La nuova sede della Fondazione Feltrinelli. Con la realizzazione della Fondazione Feltrinelli, Herzog & de Meuron rendono il più convincente omaggio al loro maestro Aldo Rossi (con cui si laureano a Zurigo nel ’74) proprio nella sua città. Rossi scrive L’Architettura della Città nel ’66, a soli 35 anni; un testo monumentale in cui c’è già tutto il condensato teorico di ciò che realizzerà più tardi. Credo che la Fondazione Feltrinelli sia il prodotto più riuscito del pensiero rossiano, pur essendo, almeno da un punto di vista formale, alquanto distante. Paradossalmente, il maggior ostacolo alle tesi di Aldo Rossi è stata la sua stessa traduzione in architettura, dove l’iconografia postmoderna ha prevalso sul pensiero critico.
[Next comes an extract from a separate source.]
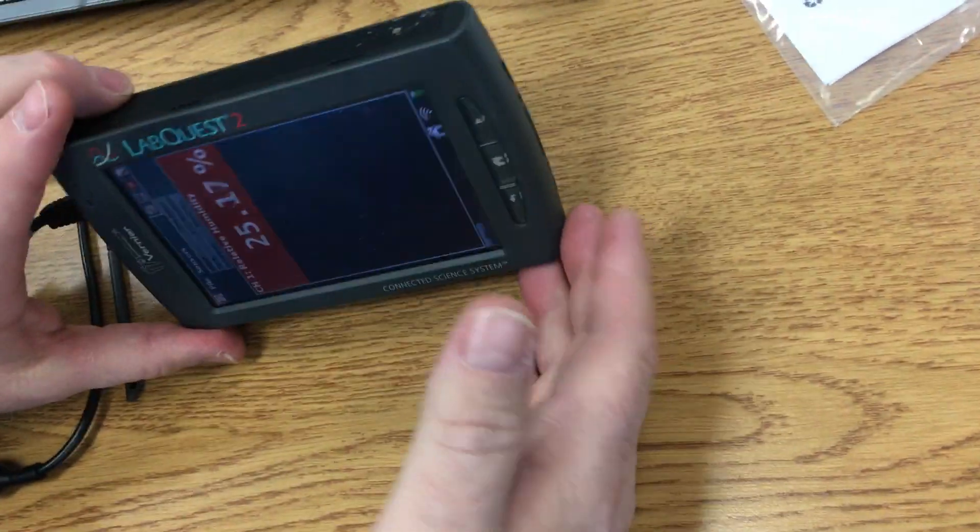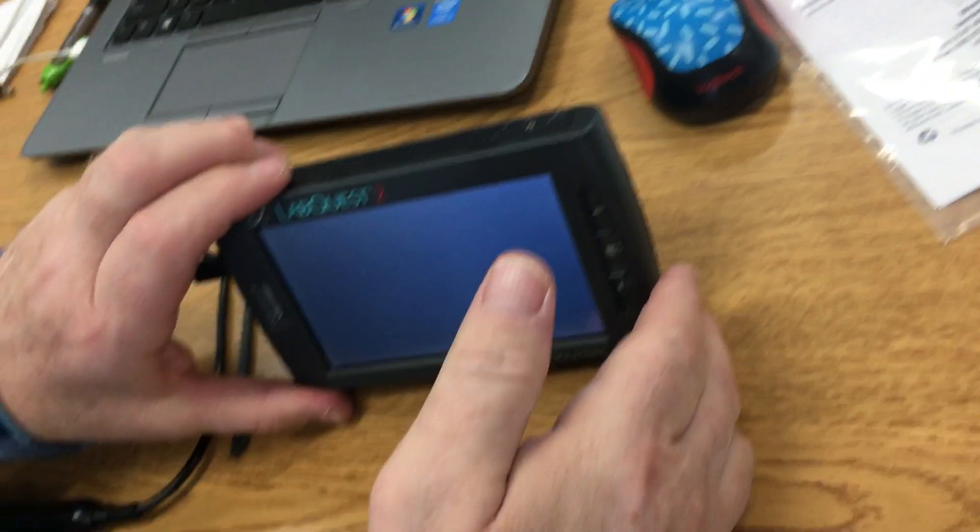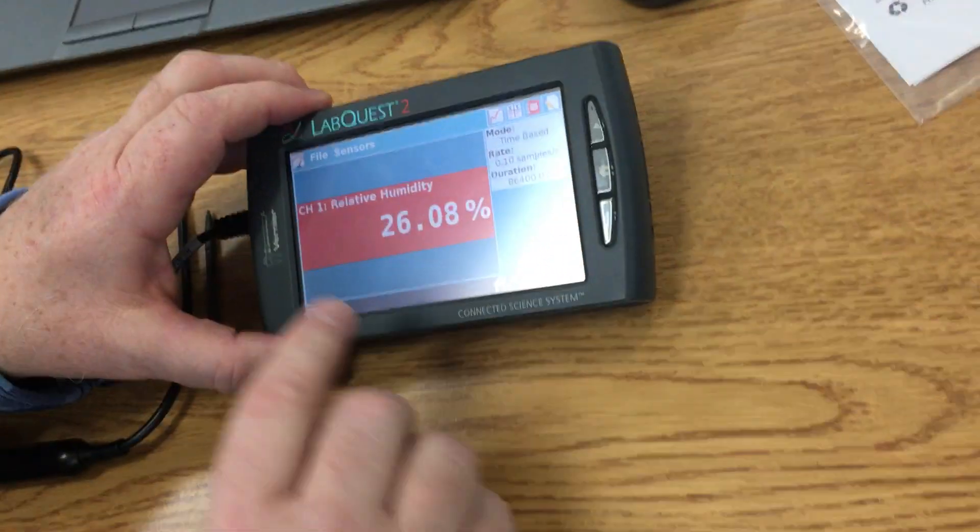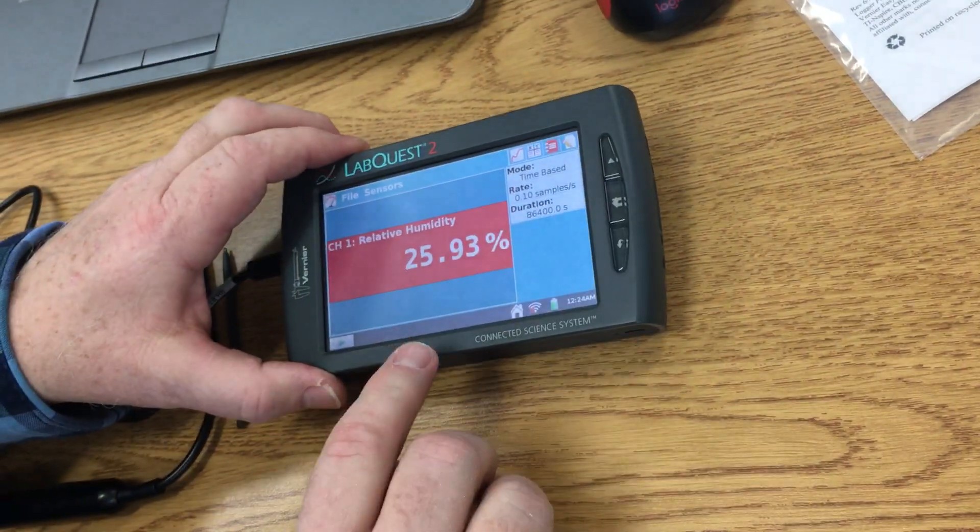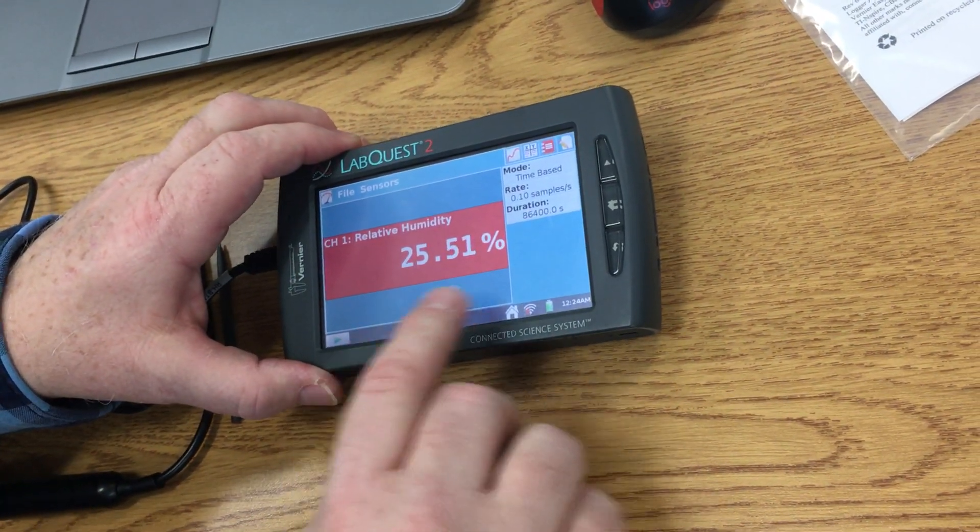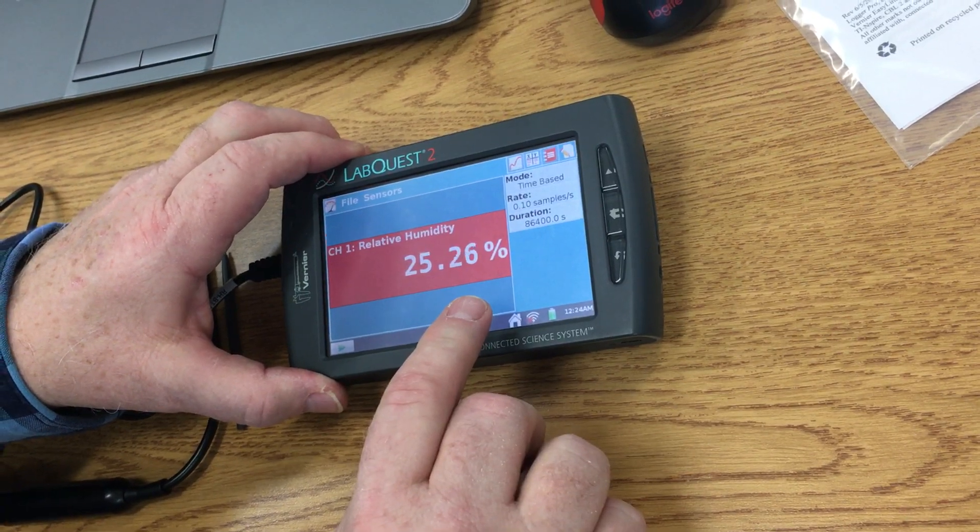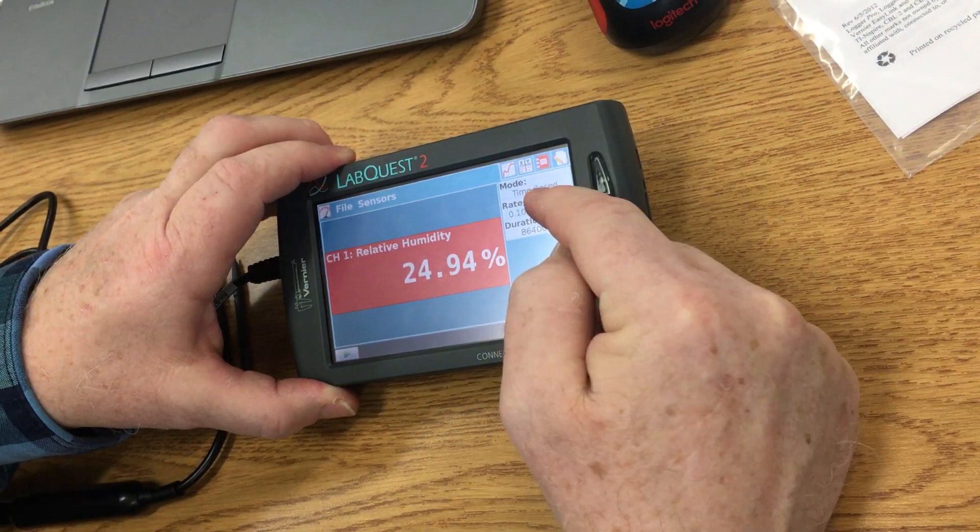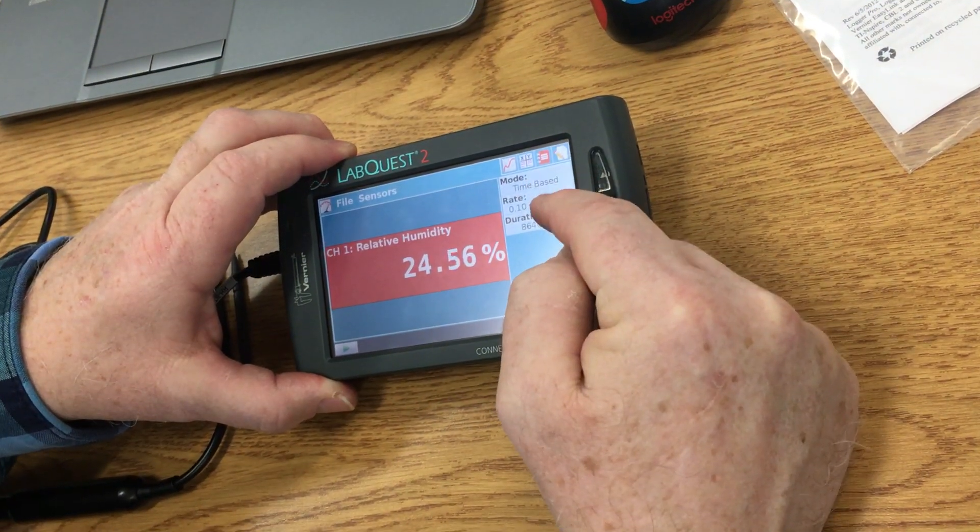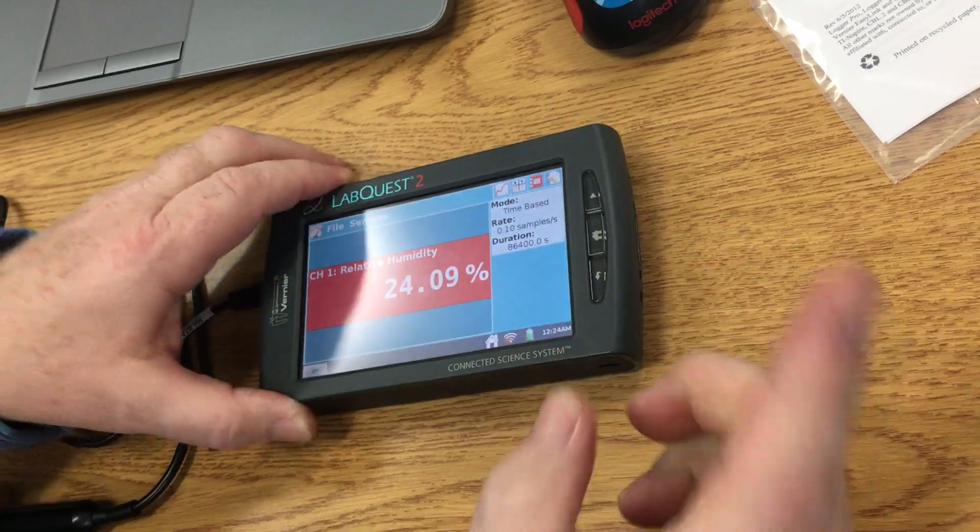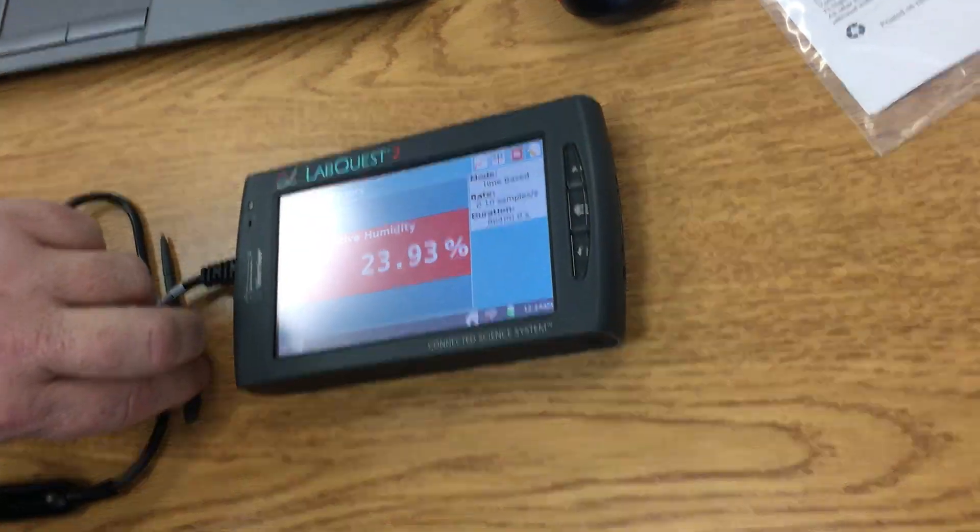Notice it immediately changes to begin reading. Notice it says right now our relative humidity is 25.51%, but it also changes the time based and the samples, so we're going to need to fix that.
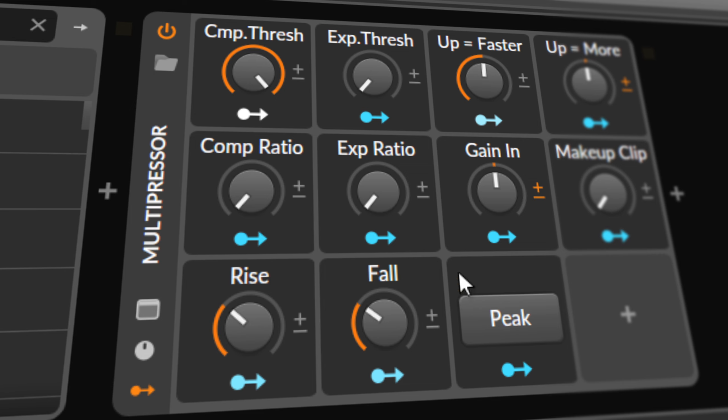In this video it's about this preset down here called multipressor, and this time it's not a recreation of an existing plugin, even though there are probably a lot of plugins on the market that do exactly the same thing. But I always wanted to use the EQ as a multiband compressor.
Con la Fondazione Feltrinelli, Herzog & de Meuron testimoniano come la città, l’artefatto urbano, sia da intendersi come opera d’arte in sé.
Se la Città è qualcosa che persiste anche attraverso le proprie trasformazioni e la memoria ne è la coscienza, è evidente come per evocare il tratto dei Bastioni Spagnoli ormai perduti non sia sufficiente riprenderne il sedime. Non c’è alcun bisogno di riprodurre l’immagine letterale dei Bastioni per ricostruirne la memoria. La Fondazione Feltrinelli è un elegante sistema di ripetizione del modulo strutturale che di fatto permette di tenere visivamente assieme il dentro e il fuori le mura, le due parti della stessa città. È una sorta di diaframma che si chiude e si apre a seconda di come lo si guardi. In questo caso la ripetizione del modulo strutturale è di fatto una tecnica di composizione: la ripetizione è intesa come ciò che può produrre differenza attraverso la creazione di un ritmo e quindi, di conseguenza, di uno spazio. Dei Bastioni il progetto riscopre l’idea della passeggiata sopra le mura (alla metà del Settecento, i bastioni fungevano da belvedere panoramico): camminando ai piani superiori del l’edificio, o meglio del complesso architettonico, la vista si sposta dalla città ai tetti e alle chiome degli alberi. Probabilmente in modo molto simile a ciò che si sarebbe visto percorrendo la promenade sopra i Bastioni.
In ogni caso non c’è alcuna nostalgia in questo progetto. C’è la consapevolezza dell’unicità della città (contro l’affermazione ormai globalizzata della città generica) e l’assunzione di responsabilità politica (nell’accezione originaria dell’etimo, ciò che si riferisce alla Polis, alla città, allo spazio della collettività) dell’architetto nella trasformazione urbana. Non è necessario essere estimatori di Aldo Rossi come architetto, per riconoscere come L’Architettura della Città sia, oggi, quanto mai necessaria.